Fantastic work! Care to share the number of hours in this project and an estimate of the cost of labor to get work like done?


----------



## trojan fan (Nov 4, 2007)

Bravo..... elegant, but never over stated....keep them coming


----------



## trojan fan (Nov 4, 2007)

Bing...any builds for the CES show


----------



## jivitup (Nov 2, 2009)

Wow.
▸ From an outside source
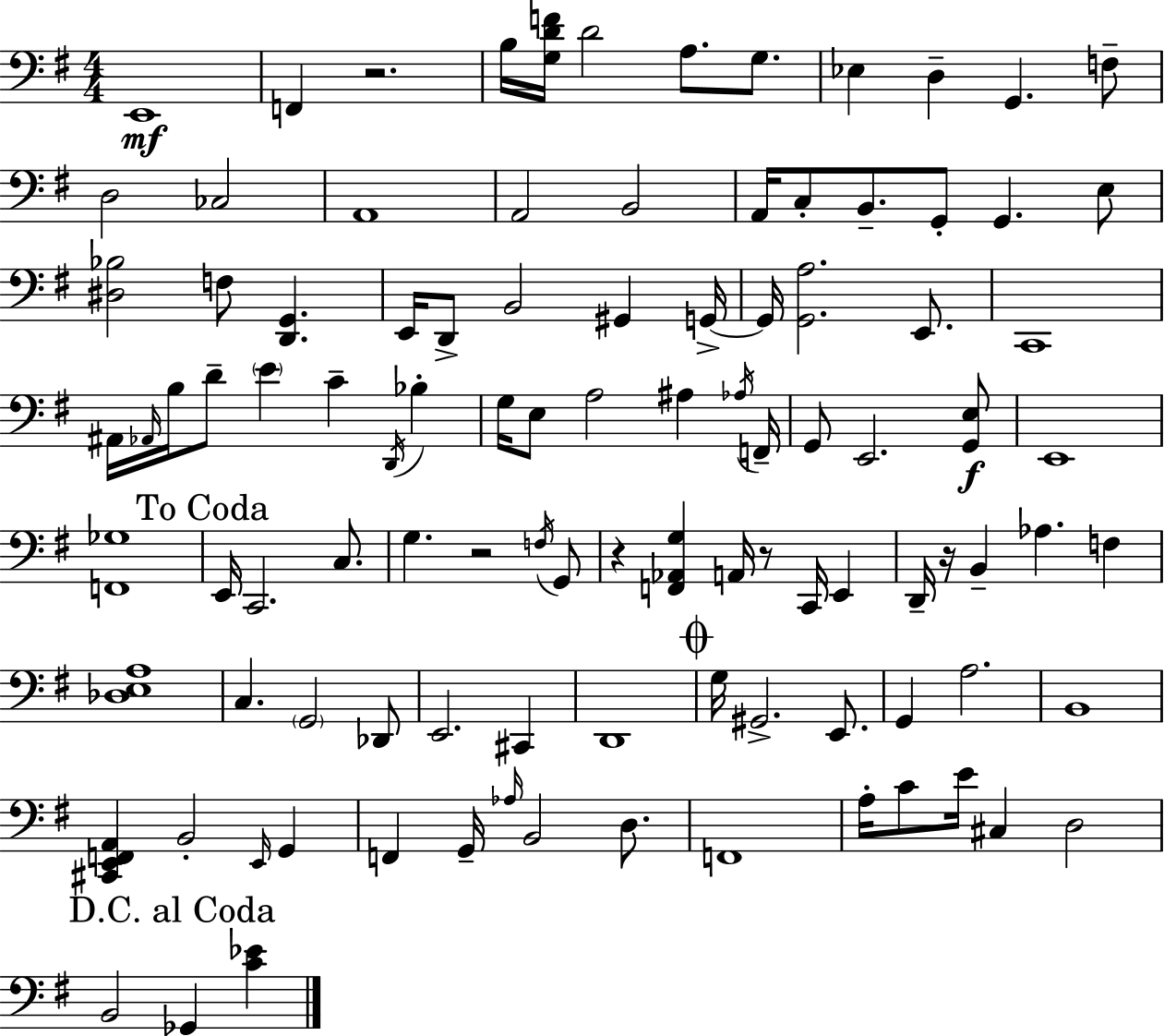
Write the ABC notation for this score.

Install looks amazing!


----------



## vactor (Oct 27, 2005)

simplicityinsound said:


> thanks guys  LA is a bit of a drive for me too  bafukie, from what i hear, there are people who do great work over in malaysia and indonesia, and is super cheap too!


all of california is a drive from me here in chicago LOL. i love your installs and wish i could more easily take advantage of your skillZ! can i pm you about some details to better get a grip on my upcoming? cheers!!


----------



## The Baron Groog (Mar 15, 2010)

Nice work, but isn't that a 3200bt?


----------



## turbo5upra (Oct 3, 2008)

Bing sorry to say but it looks like just another one of your installs... clean and classy 

Do you have a way of correcting for the cut off left side that usually comes with mounting in the pillar firing across the dash? I'd love to hear any secrets ya might have.


----------



## simplicityinsound (Feb 2, 2007)

thanks guys:

1. As for hours, i spent about roughly 60 hours on it. as far as costs go...just PM me 

2. I think CES builds usually require someone with a bit more skill than me  plus CES vehicles is getting more and more rare nowadays. hehe

3. vactor you can pm me np. i will try my best to help.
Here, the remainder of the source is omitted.